Is it better to buy property personally or through an EOOD? +
It depends on your situation. Personal ownership is better if you plan to buy one property, hold it 3+ years, and sell (0% capital gains tax). EOOD ownership is better if you want to deduct expenses and depreciation against rental income, if you are a non-EU citizen who needs agricultural land, or if you want liability separation. If your real property expenses exceed 10% of gross rental income, the EOOD typically produces a lower tax bill on rental income.
What is the depreciation rate for buildings in a Bulgarian EOOD? +
The maximum tax depreciation rate for buildings in Bulgaria is 4% per year using the straight-line method (25-year useful life). Land is not depreciable. For a property worth EUR 200,000 with a building value of EUR 160,000, annual depreciation is EUR 6,400 — reducing your corporate tax bill by EUR 640 per year.
Does the EOOD lose the personal capital gains exemption? +
Yes. The Bulgarian personal CGT exemption (0% tax on sale of one residential property held 3+ years) applies only to individuals. An EOOD always pays 10% CIT on capital gains from property sales regardless of holding period. If profit is distributed as dividends, an additional 5% WHT applies — 15% total. This is the most significant disadvantage of the EOOD structure for buy-and-hold investors.
Can an EOOD get a mortgage in Bulgaria? +
Yes, but it is significantly harder than for individuals. Banks are more cautious with corporate borrowers — expect higher interest rates, lower loan-to-value ratios (larger down payment), and stricter documentation requirements. Foreign-owned EOODs face additional scrutiny. Many EOOD property investors fund purchases with equity or arrange financing in their home country.

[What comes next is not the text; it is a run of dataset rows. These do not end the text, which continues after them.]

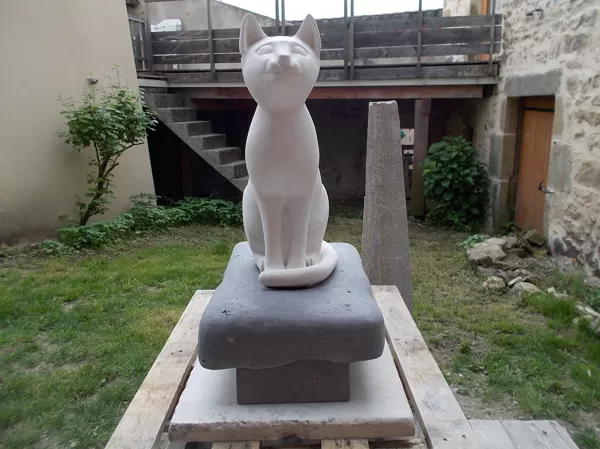 Chat Bastet en calcaire coquillé sur son coussin de basalte, de garde.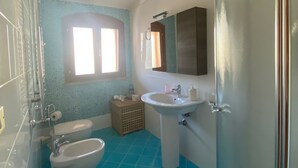 Un baño con inodoro, bidé, lavamanos y ducha.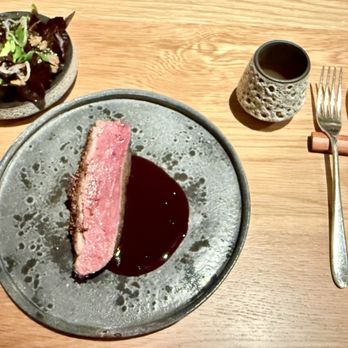 Jacaranda - Pepper Crusted Duck (roasted blueberries, wild bay; green salad, pickled shallot, crackling) w/Grilled Bones Broth; IG: @katzlundell - New American Near Me - Los Angeles, California Jacaranda - Pepper Crusted Duck (roasted blueberries, wild bay; green salad, pickled shallot, crackling) w/Grilled Bones Broth; IG: @katzlundell - New American Near Me - Los Angeles, California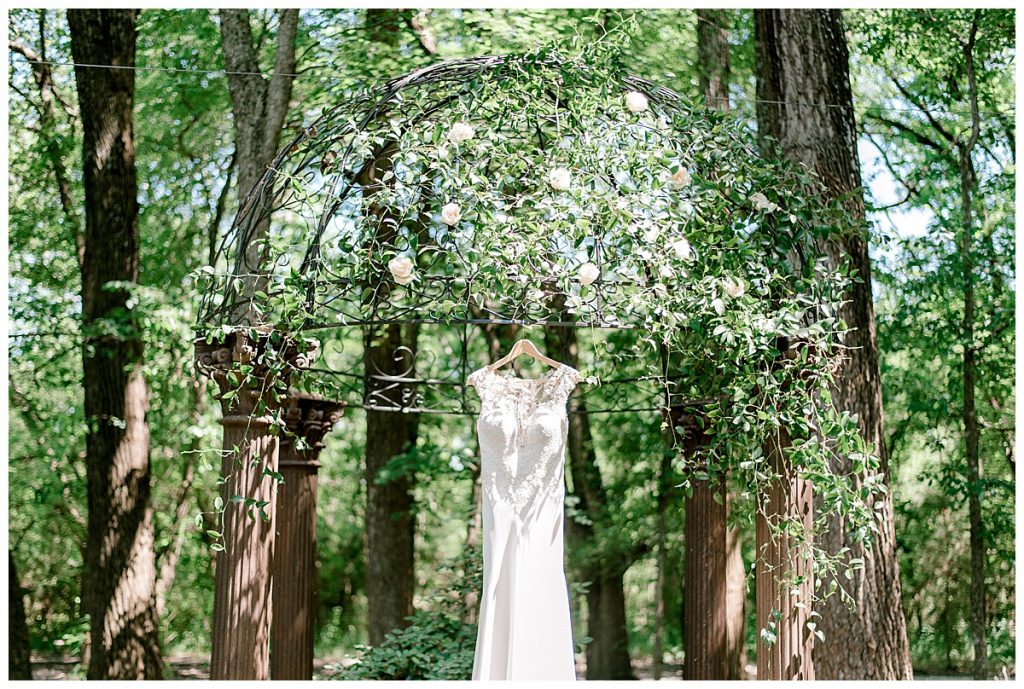 Wedding dress hanging outside under wedding gazebo- Sabel Moments Photography-detail shots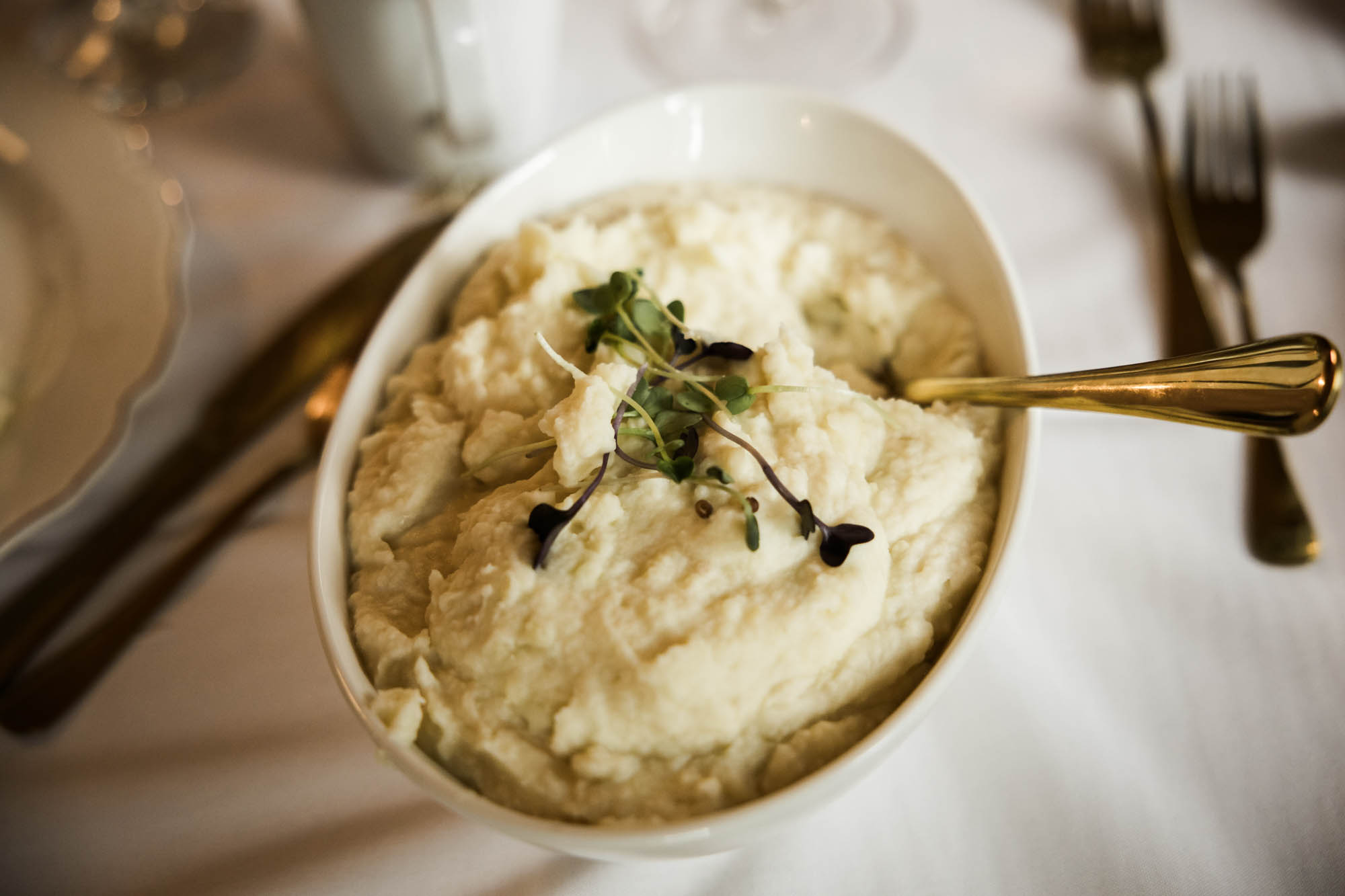 Calgary wedding photographer, couple on their wedding day at Lougheed House, photography in an editorial style with vintage bridal attire and venue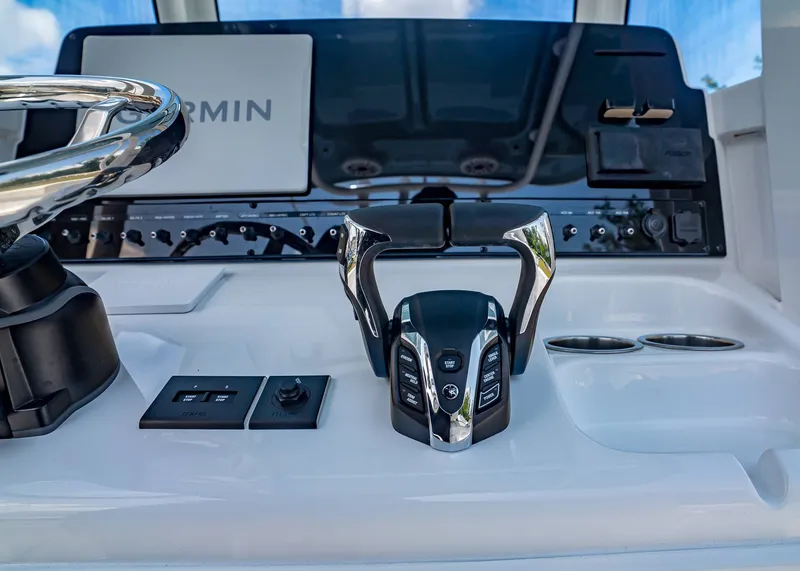 Slide: The Image of Control console of Sea Hunt Ultra 265 SE boat, year 2026. - 19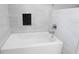 Stylish bathtub with tile surround and a niche for bath essentials in a modern bathroom at 8616 Port Said St, Orlando, FL 32817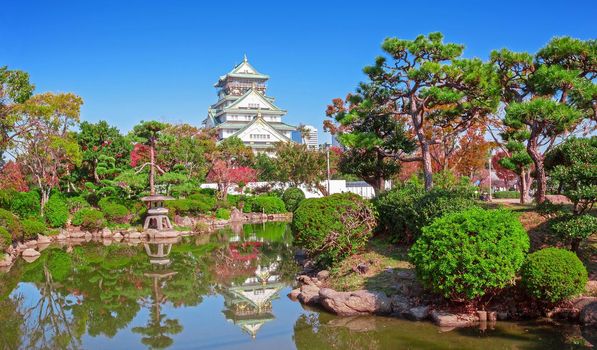 Osaka Castle in osaka city with autumn leaves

How much does it cost annually to maintain an EOOD that holds property? +
Budget EUR 1,500-3,800 per year for EOOD-specific costs: accounting (EUR 100-250/month), registered address (EUR 15-40/month), KEP electronic signature (EUR 25-50/year), and GFO annual filing (EUR 15). This is on top of property-specific costs like annual property tax (0.1-0.45% of tax assessment) and garbage collection tax. See our complete EOOD running cost guide for details.
Can I live in a property owned by my EOOD? +
Yes, but it must be structured correctly. The property belongs to the company, not to you personally. You can either pay rent to the EOOD (the EOOD declares rental income), or the personal use can be treated as a benefit in kind (which has income tax implications for you). Your accountant should advise on the most tax-efficient arrangement based on your specific situation.

Disclaimer: This article provides general guidance on buying property through a Bulgarian EOOD based on current legislation as of April 2026. Municipal transfer tax rates, notary fee tariffs, and annual property tax rates are set by local municipalities and may vary. Corporate income tax is 10% and dividend withholding tax is 5%, giving a combined rate of 15%. Building depreciation is capped at 4% per year for tax purposes under the Corporate Income Tax Act. This article does not constitute legal or tax advice. For personalized guidance on your specific property investment, consult a qualified Bulgarian lawyer. Last updated: April 8, 2026.